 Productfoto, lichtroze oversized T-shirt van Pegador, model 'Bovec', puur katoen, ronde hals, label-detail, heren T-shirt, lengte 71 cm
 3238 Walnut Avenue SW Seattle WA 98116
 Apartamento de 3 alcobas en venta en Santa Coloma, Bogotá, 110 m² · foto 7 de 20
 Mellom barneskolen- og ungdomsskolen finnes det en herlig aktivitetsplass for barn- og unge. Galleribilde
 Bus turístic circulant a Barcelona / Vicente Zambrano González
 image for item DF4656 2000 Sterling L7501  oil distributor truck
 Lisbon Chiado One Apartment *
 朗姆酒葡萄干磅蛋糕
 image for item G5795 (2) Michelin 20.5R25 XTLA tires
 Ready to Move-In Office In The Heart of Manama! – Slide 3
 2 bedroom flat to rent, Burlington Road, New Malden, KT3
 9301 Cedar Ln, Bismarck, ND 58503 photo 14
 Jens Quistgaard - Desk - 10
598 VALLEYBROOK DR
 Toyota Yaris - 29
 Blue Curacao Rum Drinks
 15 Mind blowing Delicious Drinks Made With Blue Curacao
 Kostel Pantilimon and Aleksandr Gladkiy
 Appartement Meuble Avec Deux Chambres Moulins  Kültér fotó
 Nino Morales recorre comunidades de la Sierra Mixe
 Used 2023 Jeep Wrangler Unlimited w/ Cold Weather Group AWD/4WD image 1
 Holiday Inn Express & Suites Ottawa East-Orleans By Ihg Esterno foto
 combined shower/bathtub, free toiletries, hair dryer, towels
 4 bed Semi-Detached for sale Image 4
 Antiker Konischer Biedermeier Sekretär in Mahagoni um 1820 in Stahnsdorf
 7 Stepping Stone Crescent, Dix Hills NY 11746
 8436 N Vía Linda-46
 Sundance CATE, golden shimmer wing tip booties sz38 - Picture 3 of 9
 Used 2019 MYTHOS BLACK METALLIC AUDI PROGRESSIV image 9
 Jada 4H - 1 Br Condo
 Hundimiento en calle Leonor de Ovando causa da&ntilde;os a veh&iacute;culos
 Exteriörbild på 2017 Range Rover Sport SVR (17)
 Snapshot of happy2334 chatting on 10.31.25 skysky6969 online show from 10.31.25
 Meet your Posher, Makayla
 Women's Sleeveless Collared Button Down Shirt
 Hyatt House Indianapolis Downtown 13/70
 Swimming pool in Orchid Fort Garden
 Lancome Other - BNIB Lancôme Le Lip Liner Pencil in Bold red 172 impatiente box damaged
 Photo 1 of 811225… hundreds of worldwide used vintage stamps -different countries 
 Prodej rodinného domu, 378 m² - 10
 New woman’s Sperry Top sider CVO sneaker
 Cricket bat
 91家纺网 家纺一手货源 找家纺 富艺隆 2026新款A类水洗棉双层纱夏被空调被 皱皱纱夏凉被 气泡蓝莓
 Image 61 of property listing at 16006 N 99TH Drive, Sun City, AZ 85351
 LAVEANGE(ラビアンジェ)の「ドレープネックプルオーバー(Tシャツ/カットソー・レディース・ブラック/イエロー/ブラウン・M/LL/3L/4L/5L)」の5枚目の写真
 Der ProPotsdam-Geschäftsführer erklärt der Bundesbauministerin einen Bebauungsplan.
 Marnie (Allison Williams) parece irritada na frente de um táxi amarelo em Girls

Requirement |
How many lines in the data contain the string "item"? Respond with the number only.

The completed task |
2